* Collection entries
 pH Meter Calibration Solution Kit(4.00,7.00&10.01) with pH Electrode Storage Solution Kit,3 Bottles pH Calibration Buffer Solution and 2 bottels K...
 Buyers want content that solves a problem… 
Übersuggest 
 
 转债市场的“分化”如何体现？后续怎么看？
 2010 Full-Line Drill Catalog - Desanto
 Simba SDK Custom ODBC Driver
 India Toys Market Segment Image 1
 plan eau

---

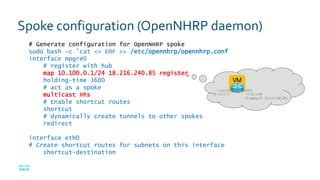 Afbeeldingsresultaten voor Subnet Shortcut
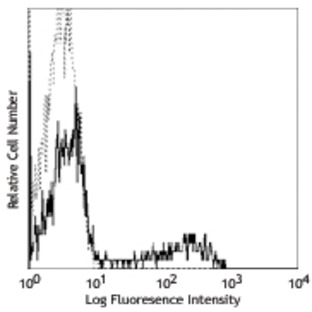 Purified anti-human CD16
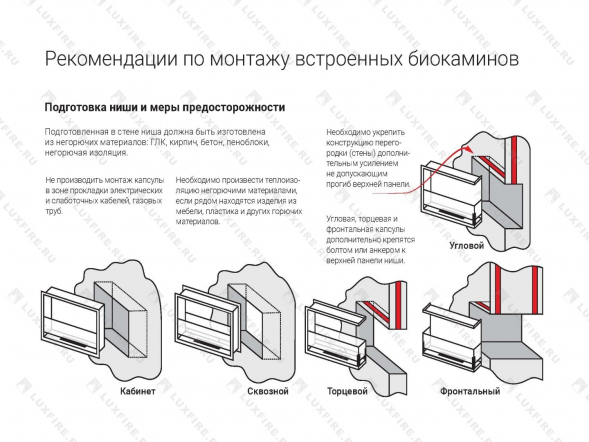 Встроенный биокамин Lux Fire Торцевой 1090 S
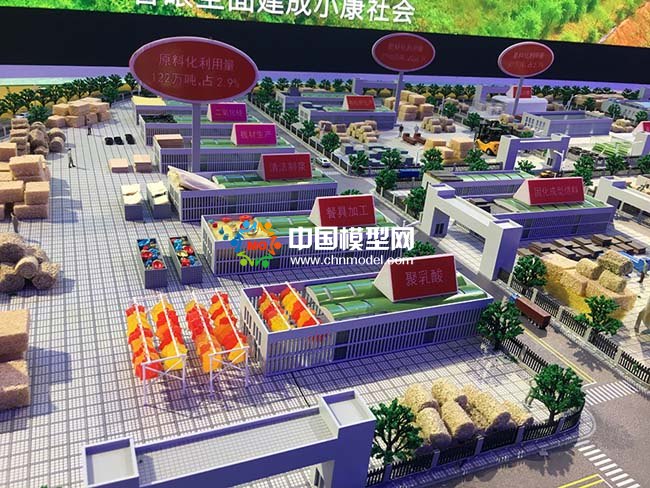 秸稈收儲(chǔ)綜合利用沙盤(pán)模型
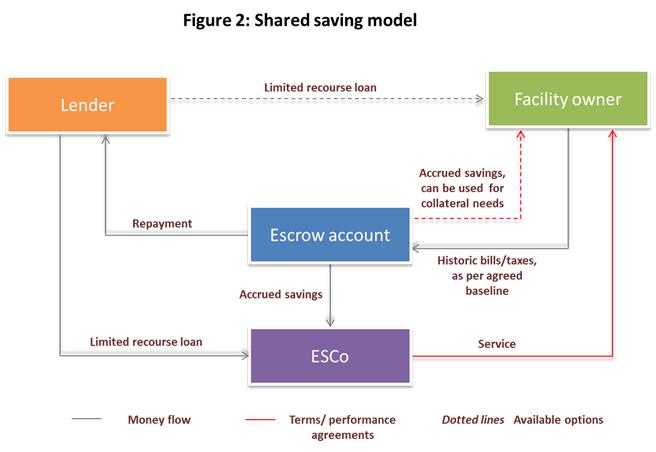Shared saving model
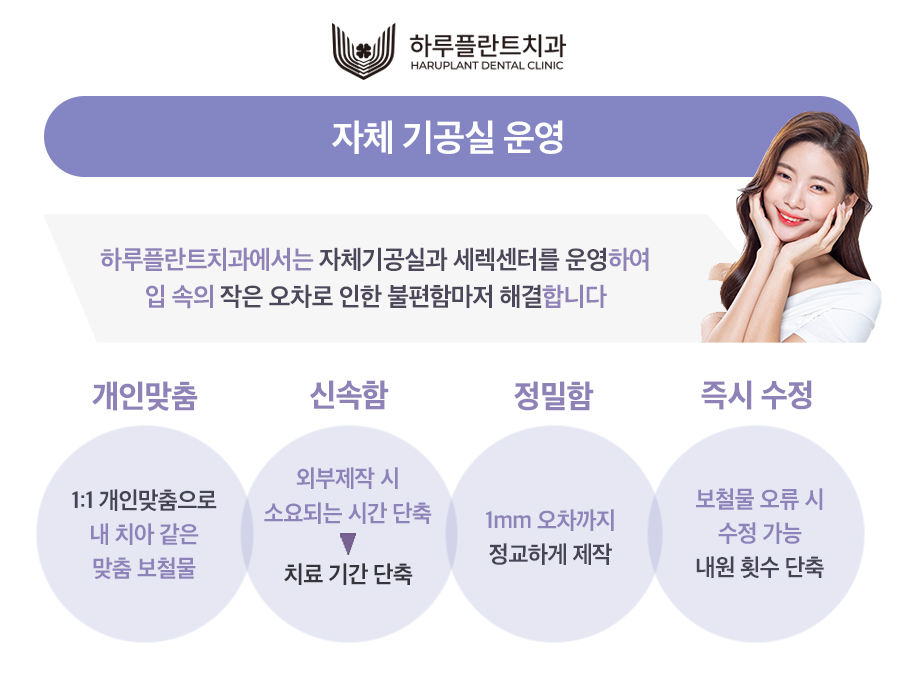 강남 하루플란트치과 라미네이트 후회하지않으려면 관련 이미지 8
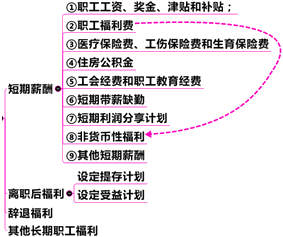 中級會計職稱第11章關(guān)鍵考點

...

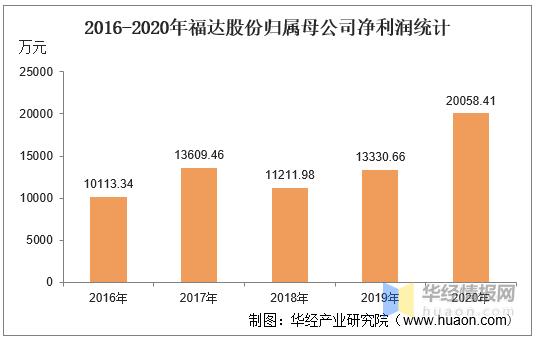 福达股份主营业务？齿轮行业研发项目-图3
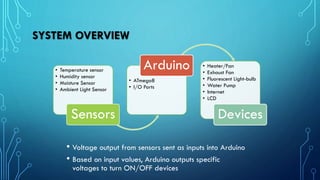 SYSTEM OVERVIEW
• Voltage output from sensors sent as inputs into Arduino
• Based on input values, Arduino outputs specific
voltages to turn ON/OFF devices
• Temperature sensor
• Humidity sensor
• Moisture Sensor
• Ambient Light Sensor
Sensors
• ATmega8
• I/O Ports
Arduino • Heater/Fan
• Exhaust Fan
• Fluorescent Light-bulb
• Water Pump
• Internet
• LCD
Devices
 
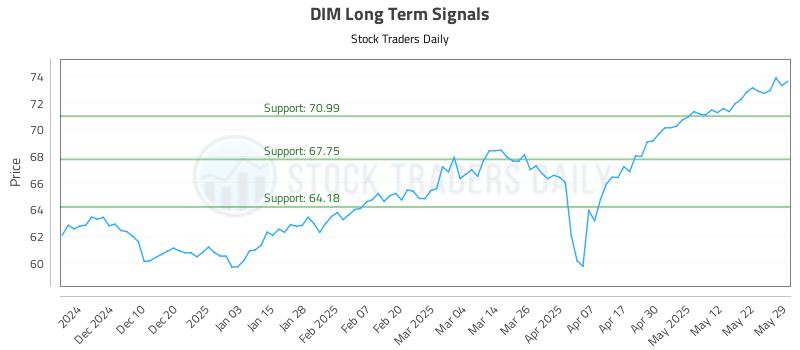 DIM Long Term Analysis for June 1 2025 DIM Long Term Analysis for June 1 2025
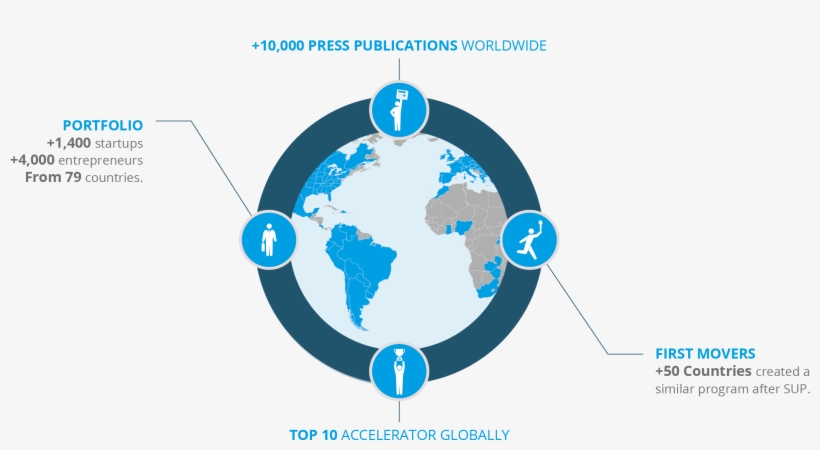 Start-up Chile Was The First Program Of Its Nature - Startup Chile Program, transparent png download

* TASK BRIEF
If a line in the records above includes the string "Light", copy it.

* ANSWER FOR THIS EXERCISE
• Ambient Light Sensor
• Fluorescent Light-bulb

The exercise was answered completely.